Description of the task - Would you give the listing again exactly, without its images?
--*--
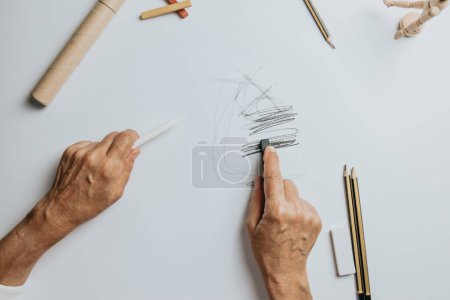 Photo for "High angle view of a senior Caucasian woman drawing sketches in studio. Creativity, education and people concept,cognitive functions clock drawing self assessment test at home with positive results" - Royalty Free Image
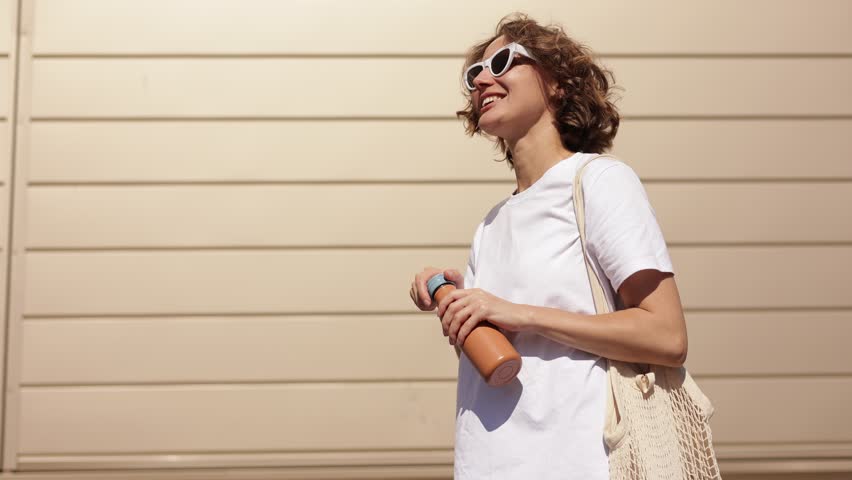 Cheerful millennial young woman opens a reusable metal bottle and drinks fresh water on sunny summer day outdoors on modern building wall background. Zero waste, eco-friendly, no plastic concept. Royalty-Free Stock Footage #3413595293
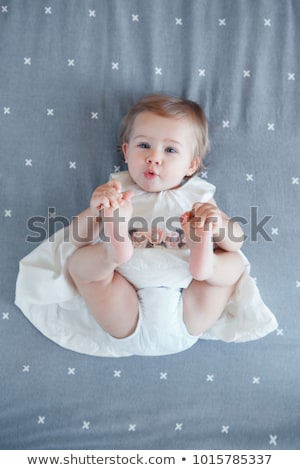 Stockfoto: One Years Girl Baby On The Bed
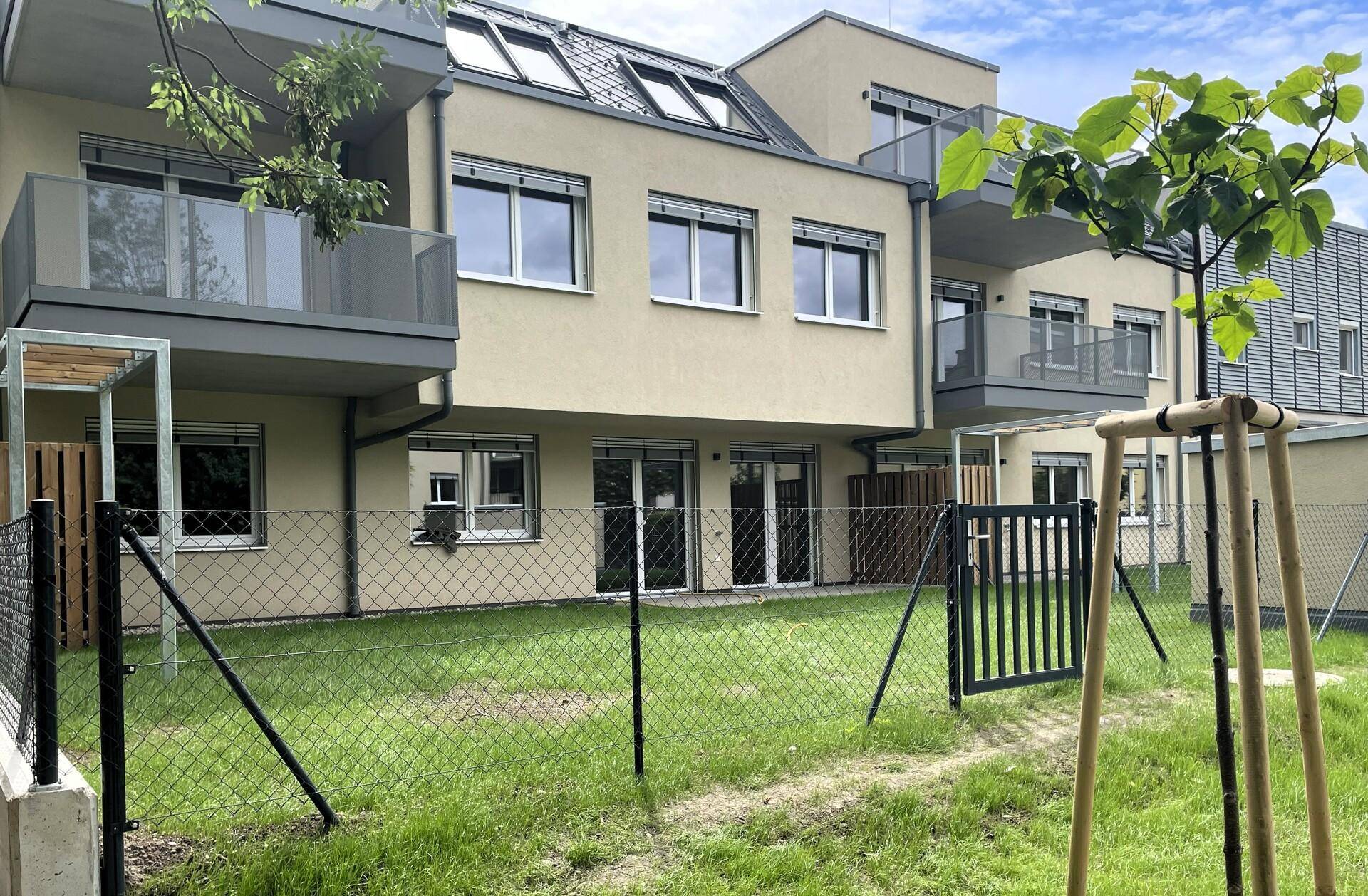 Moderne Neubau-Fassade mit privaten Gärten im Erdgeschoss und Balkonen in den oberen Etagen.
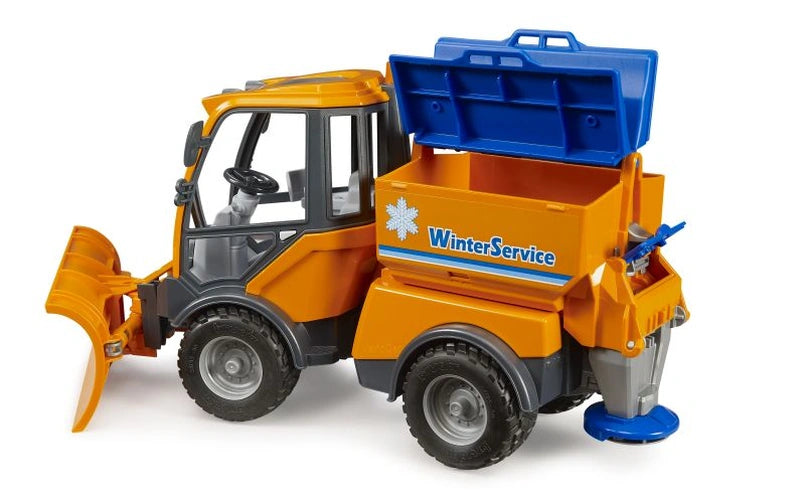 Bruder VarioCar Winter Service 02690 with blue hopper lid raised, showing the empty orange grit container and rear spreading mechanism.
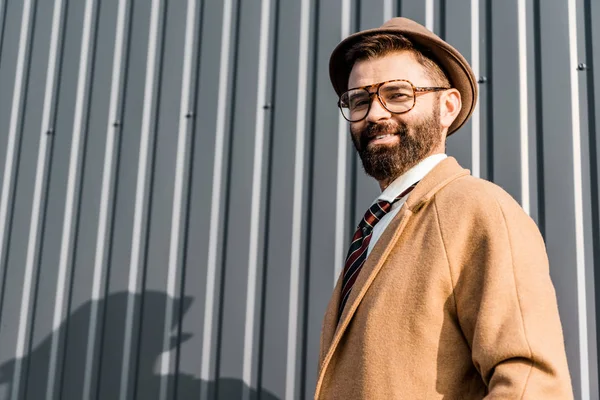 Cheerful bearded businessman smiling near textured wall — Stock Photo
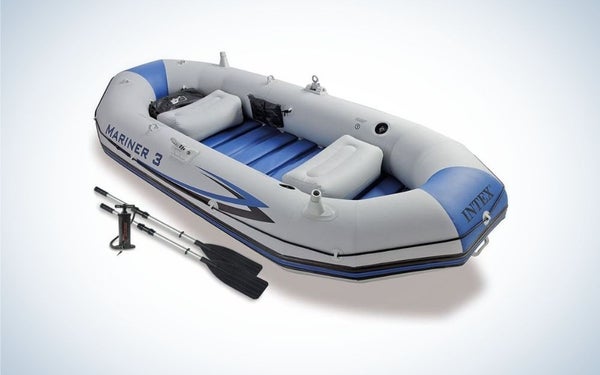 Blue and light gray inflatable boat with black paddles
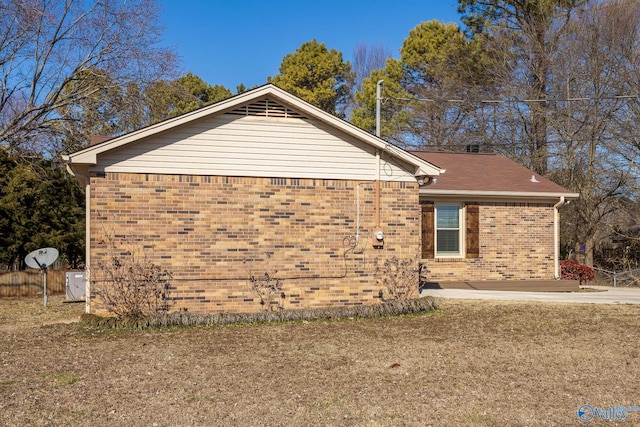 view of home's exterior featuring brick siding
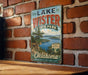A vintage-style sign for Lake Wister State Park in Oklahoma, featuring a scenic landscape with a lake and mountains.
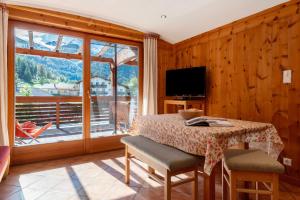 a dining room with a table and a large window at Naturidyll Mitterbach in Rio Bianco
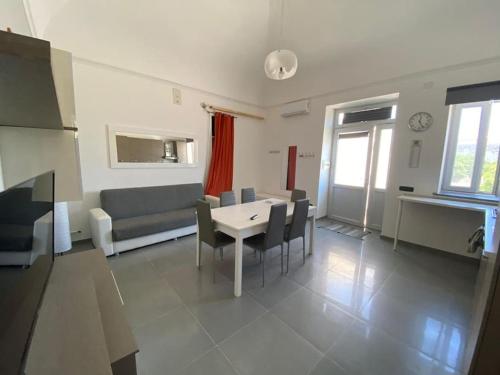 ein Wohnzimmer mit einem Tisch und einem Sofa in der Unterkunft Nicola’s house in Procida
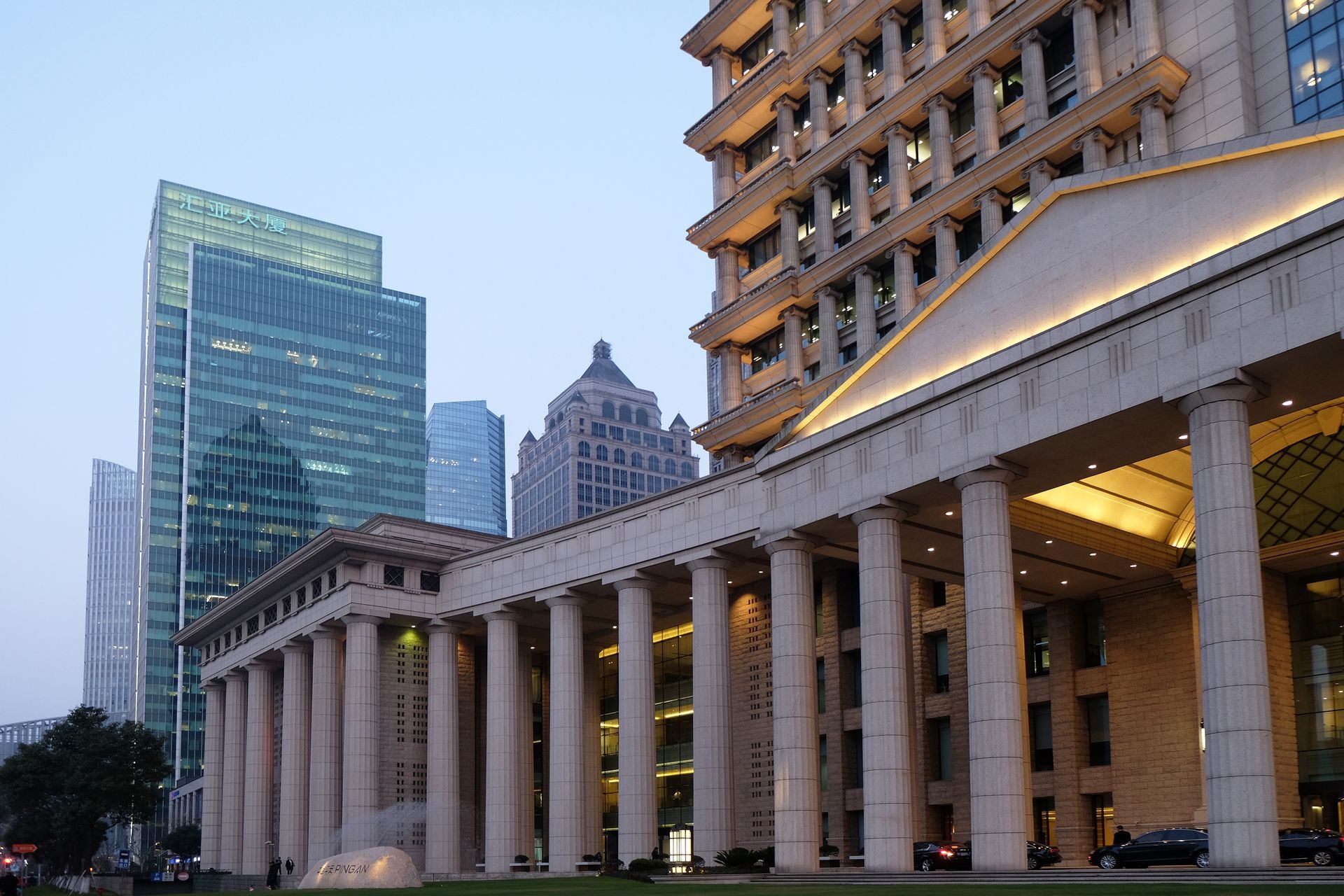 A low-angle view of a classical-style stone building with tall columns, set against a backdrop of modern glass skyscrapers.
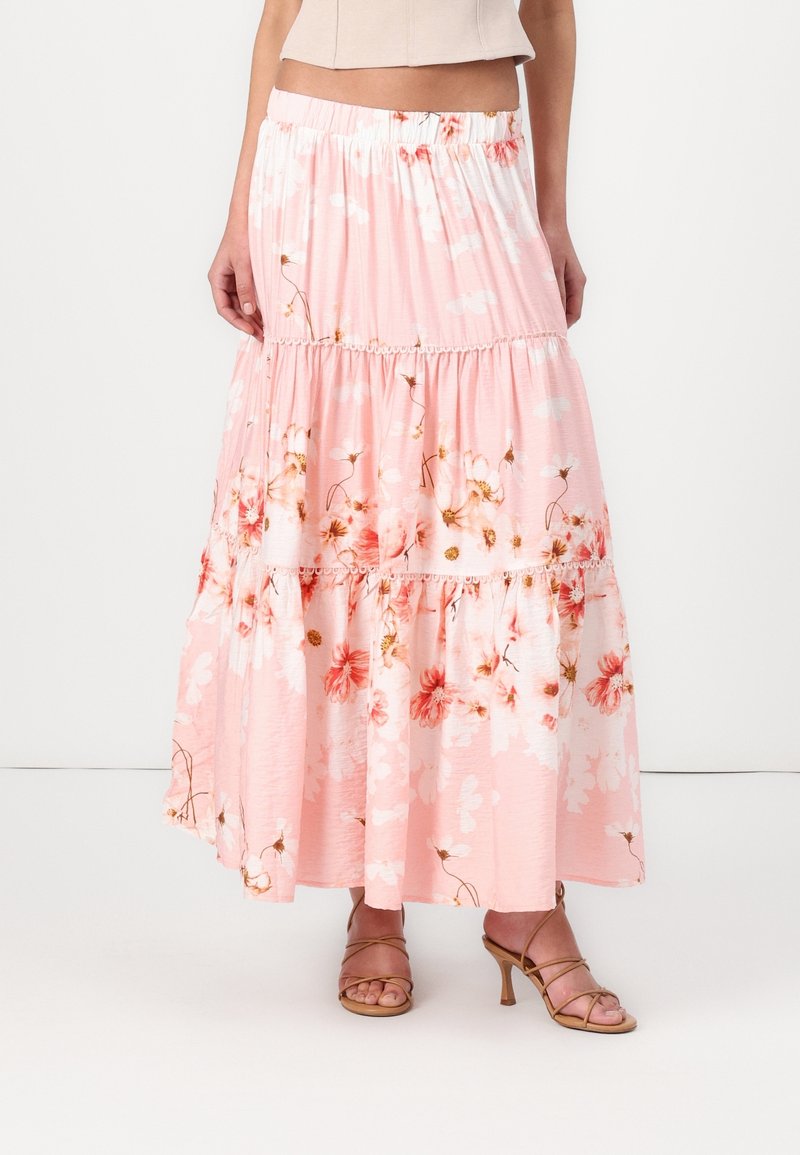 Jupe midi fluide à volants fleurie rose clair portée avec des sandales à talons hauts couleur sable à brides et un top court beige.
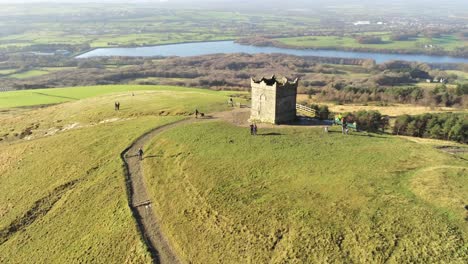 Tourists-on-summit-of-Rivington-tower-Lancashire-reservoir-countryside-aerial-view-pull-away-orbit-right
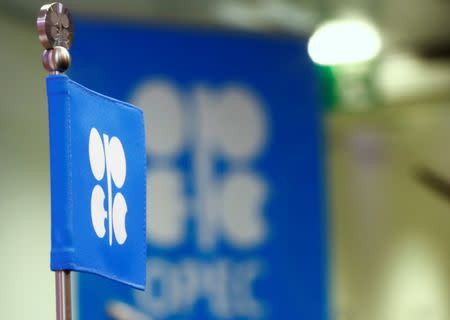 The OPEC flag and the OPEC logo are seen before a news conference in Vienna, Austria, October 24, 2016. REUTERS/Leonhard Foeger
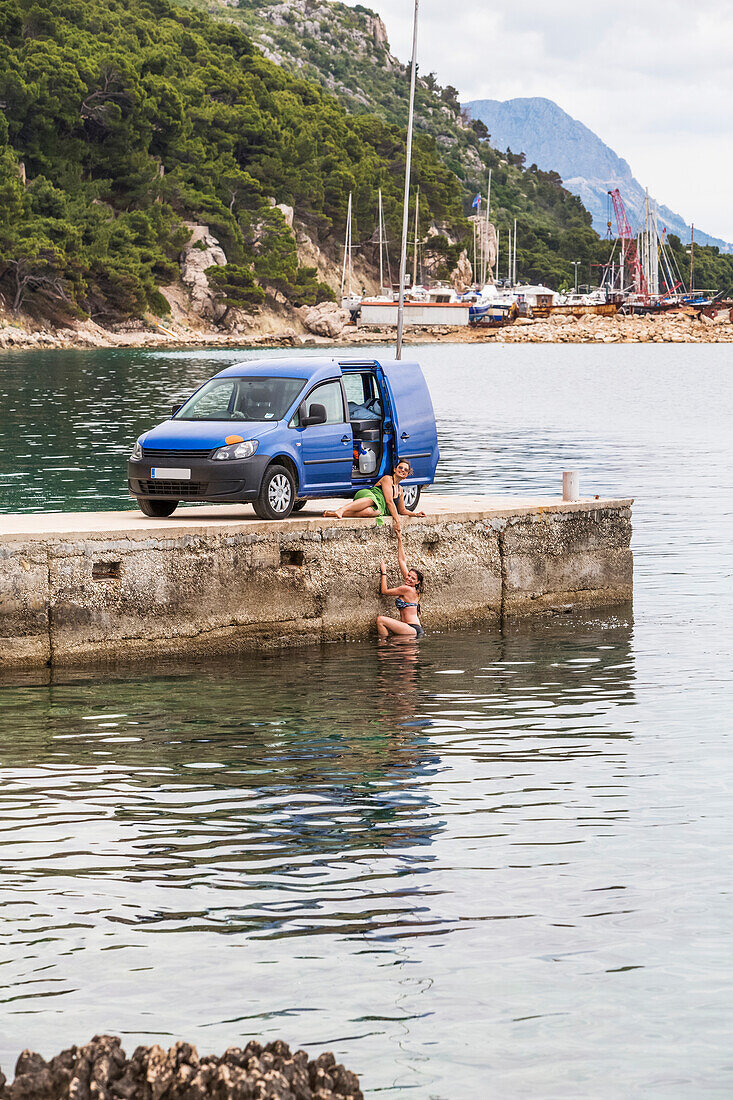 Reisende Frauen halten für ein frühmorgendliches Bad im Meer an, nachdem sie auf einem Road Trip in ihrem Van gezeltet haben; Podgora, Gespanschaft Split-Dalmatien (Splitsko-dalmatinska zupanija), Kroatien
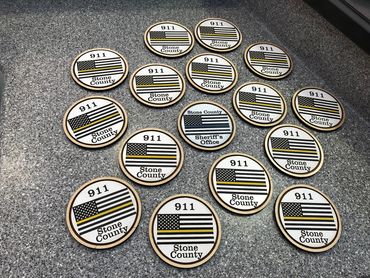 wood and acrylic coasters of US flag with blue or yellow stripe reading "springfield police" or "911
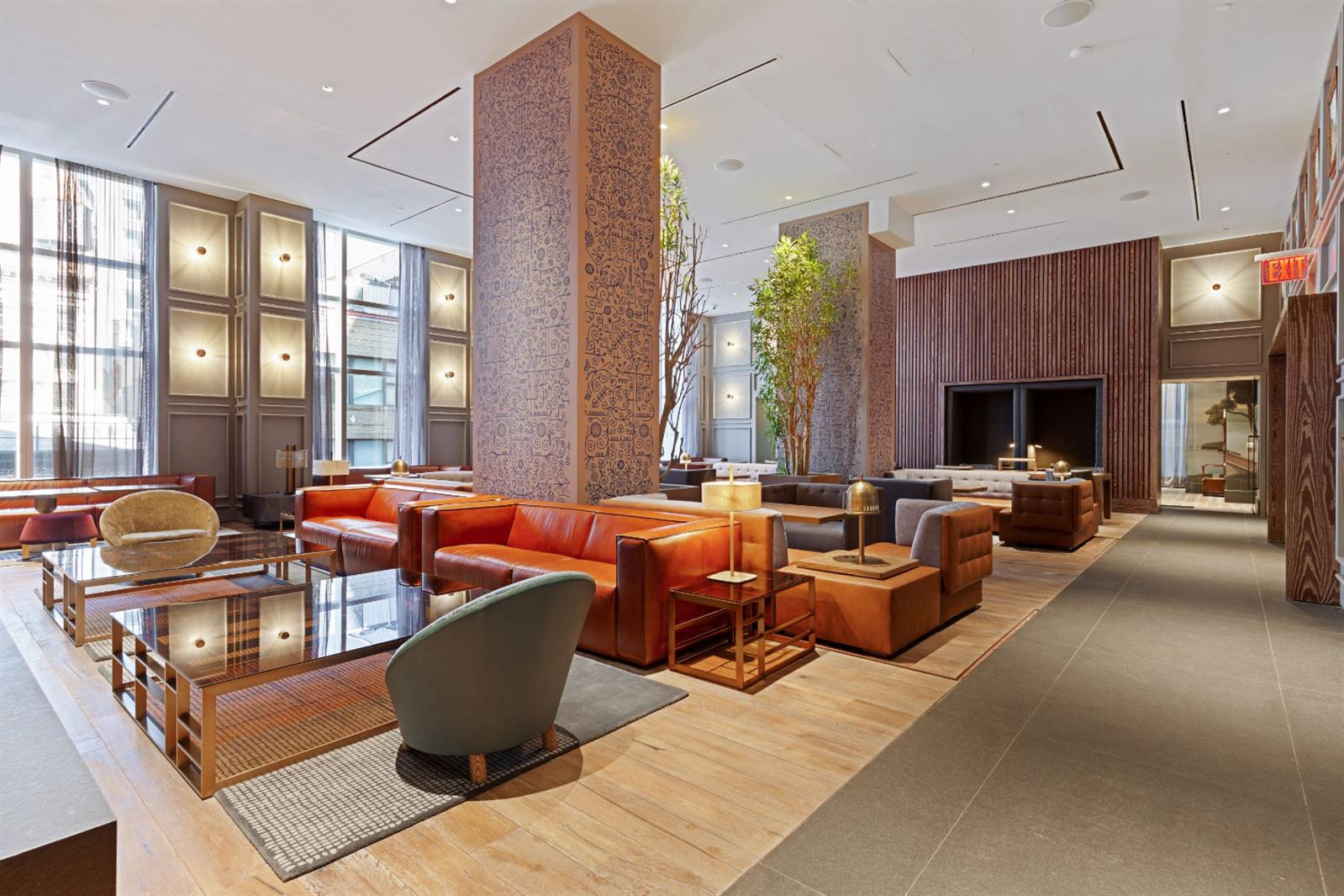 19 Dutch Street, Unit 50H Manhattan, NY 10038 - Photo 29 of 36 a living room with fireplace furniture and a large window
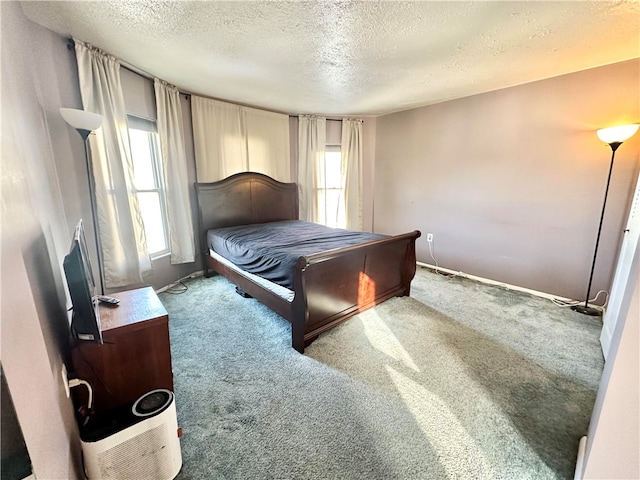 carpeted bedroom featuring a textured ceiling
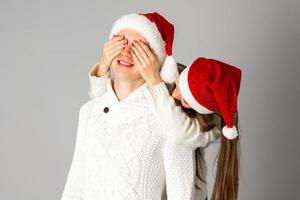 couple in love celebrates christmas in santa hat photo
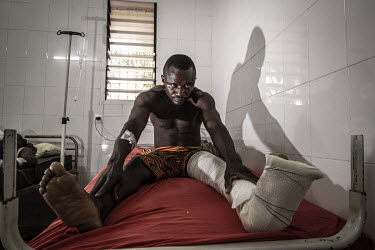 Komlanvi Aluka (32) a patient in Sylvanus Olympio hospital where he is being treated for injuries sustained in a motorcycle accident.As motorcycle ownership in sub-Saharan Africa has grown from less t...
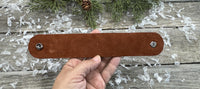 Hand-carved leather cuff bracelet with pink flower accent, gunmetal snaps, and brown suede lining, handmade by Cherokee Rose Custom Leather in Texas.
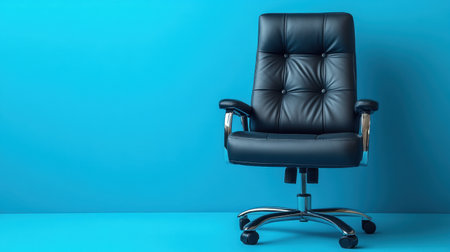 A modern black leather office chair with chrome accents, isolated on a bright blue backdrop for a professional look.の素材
--*--
Your response -
 Photo for "High angle view of a senior Caucasian woman drawing sketches in studio. Creativity, education and people concept,cognitive functions clock drawing self assessment test at home with positive results" - Royalty Free Image
 Cheerful millennial young woman opens a reusable metal bottle and drinks fresh water on sunny summer day outdoors on modern building wall background. Zero waste, eco-friendly, no plastic concept. Royalty-Free Stock Footage #3413595293
 Stockfoto: One Years Girl Baby On The Bed
 Moderne Neubau-Fassade mit privaten Gärten im Erdgeschoss und Balkonen in den oberen Etagen.
 Bruder VarioCar Winter Service 02690 with blue hopper lid raised, showing the empty orange grit container and rear spreading mechanism.
 Cheerful bearded businessman smiling near textured wall — Stock Photo
 Blue and light gray inflatable boat with black paddles
 view of home's exterior featuring brick siding
A vintage-style sign for Lake Wister State Park in Oklahoma, featuring a scenic landscape with a lake and mountains.
 a dining room with a table and a large window at Naturidyll Mitterbach in Rio Bianco
 ein Wohnzimmer mit einem Tisch und einem Sofa in der Unterkunft Nicola’s house in Procida
 A low-angle view of a classical-style stone building with tall columns, set against a backdrop of modern glass skyscrapers.
 Jupe midi fluide à volants fleurie rose clair portée avec des sandales à talons hauts couleur sable à brides et un top court beige.
 Tourists-on-summit-of-Rivington-tower-Lancashire-reservoir-countryside-aerial-view-pull-away-orbit-right
 The OPEC flag and the OPEC logo are seen before a news conference in Vienna, Austria, October 24, 2016. REUTERS/Leonhard Foeger
 Reisende Frauen halten für ein frühmorgendliches Bad im Meer an, nachdem sie auf einem Road Trip in ihrem Van gezeltet haben; Podgora, Gespanschaft Split-Dalmatien (Splitsko-dalmatinska zupanija), Kroatien
 wood and acrylic coasters of US flag with blue or yellow stripe reading "springfield police" or "911
 19 Dutch Street, Unit 50H Manhattan, NY 10038 - Photo 29 of 36 a living room with fireplace furniture and a large window
 carpeted bedroom featuring a textured ceiling
 couple in love celebrates christmas in santa hat photo
 Komlanvi Aluka (32) a patient in Sylvanus Olympio hospital where he is being treated for injuries sustained in a motorcycle accident.As motorcycle ownership in sub-Saharan Africa has grown from less t...
 Hand-carved leather cuff bracelet with pink flower accent, gunmetal snaps, and brown suede lining, handmade by Cherokee Rose Custom Leather in Texas.
 A modern black leather office chair with chrome accents, isolated on a bright blue backdrop for a professional look.の素材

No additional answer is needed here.